> _Dataset items_

———

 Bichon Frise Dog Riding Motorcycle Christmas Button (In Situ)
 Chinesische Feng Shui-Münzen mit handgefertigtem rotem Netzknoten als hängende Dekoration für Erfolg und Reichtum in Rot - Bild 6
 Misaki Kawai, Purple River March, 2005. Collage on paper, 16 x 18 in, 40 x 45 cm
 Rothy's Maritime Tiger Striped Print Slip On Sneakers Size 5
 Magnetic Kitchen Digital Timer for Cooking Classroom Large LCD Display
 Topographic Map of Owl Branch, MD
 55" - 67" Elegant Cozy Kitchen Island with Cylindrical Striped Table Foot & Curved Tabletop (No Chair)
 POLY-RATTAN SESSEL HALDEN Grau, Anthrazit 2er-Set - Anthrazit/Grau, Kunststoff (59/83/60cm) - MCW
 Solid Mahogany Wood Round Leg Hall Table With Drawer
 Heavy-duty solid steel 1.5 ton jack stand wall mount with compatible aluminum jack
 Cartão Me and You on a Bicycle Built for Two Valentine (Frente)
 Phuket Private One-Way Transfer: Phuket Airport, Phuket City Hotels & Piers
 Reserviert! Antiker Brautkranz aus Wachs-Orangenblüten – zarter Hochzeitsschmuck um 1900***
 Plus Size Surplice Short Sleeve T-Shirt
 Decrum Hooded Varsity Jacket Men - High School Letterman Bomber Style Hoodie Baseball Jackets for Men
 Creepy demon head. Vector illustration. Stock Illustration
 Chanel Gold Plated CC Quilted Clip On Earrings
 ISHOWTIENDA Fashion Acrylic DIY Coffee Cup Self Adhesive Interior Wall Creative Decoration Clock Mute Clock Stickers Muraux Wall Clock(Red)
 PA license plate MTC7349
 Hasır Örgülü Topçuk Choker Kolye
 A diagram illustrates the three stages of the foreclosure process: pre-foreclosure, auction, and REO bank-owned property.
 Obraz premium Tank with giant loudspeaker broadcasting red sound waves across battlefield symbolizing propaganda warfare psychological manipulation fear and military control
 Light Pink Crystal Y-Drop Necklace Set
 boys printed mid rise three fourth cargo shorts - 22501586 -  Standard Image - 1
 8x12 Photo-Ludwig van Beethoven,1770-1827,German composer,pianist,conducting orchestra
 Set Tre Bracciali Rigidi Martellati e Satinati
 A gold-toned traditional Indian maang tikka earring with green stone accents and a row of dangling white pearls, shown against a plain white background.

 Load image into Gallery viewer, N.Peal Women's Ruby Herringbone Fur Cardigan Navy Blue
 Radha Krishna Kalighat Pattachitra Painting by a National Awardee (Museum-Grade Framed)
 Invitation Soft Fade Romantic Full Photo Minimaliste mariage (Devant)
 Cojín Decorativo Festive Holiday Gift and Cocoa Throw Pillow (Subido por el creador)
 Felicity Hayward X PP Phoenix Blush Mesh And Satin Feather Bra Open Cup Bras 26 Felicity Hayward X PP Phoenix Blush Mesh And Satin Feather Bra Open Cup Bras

———

> _Your assignment_
Only the lines containing "Kitchen" are needed; copy each of them from the data.

> _Final answer_
 Magnetic Kitchen Digital Timer for Cooking Classroom Large LCD Display
 55" - 67" Elegant Cozy Kitchen Island with Cylindrical Striped Table Foot & Curved Tabletop (No Chair)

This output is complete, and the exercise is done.